▶ _What this task involves_:
Could you retype all of the entries exactly, without their pictures?

*** Source data Section Begins ***

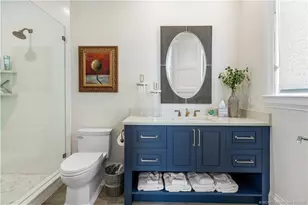 2842 SW Rivers End Way, Palm City, FL 34990 - Photo 61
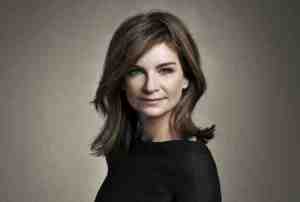 Natalie Massenet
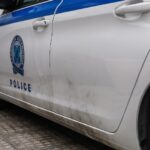 ΔΥΠΑ: Έξι ανοιχτά προγράμματα – Επιχορήγηση έως 17 χιλ. ευρώ ανά νέα θέση εργασίας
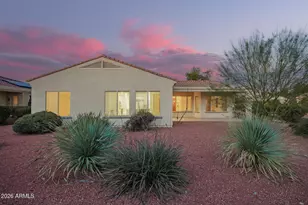 13403 W Cabrillo Dr, Sun City West, AZ 85375 - Photo 42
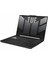 Tuf Gaming F15 FX507ZC4-HN081 I5-12500H 64GB 1tb SSD 4gb RTX3050 15.6" Win 11 Pro K29 3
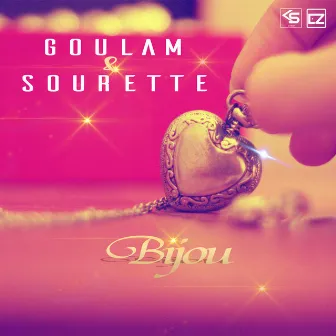 Bijou by Sourette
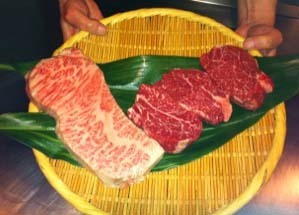 恵比寿肉.jpg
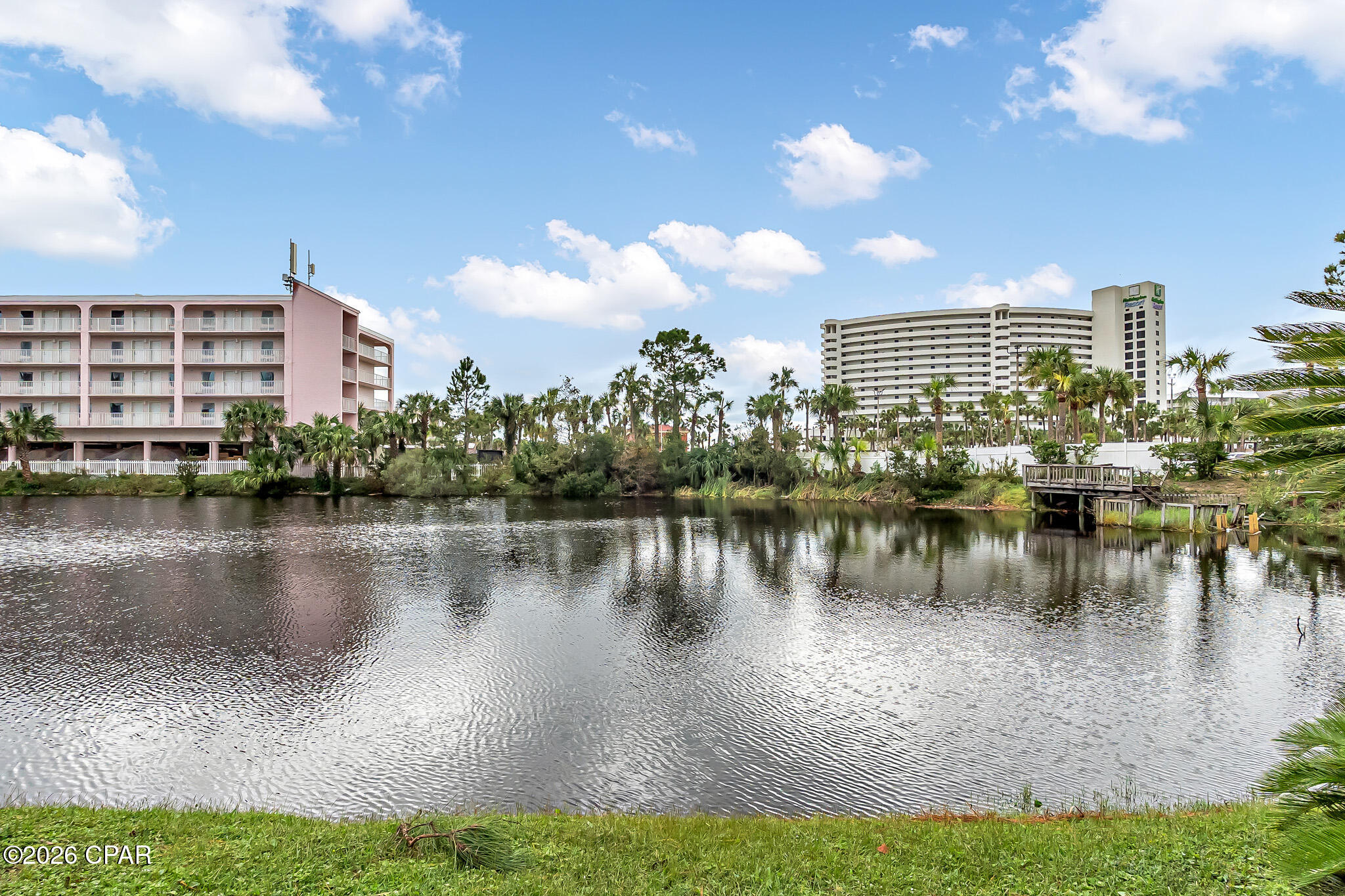 144 Robin Lane Panama City Beach FL 32407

*** Source data Section Ends ***

▶ _Result of this exercise_:
 2842 SW Rivers End Way, Palm City, FL 34990 - Photo 61
 Natalie Massenet
 ΔΥΠΑ: Έξι ανοιχτά προγράμματα – Επιχορήγηση έως 17 χιλ. ευρώ ανά νέα θέση εργασίας
 13403 W Cabrillo Dr, Sun City West, AZ 85375 - Photo 42
 Tuf Gaming F15 FX507ZC4-HN081 I5-12500H 64GB 1tb SSD 4gb RTX3050 15.6" Win 11 Pro K29 3
 Bijou by Sourette
 恵比寿肉.jpg
 144 Robin Lane Panama City Beach FL 32407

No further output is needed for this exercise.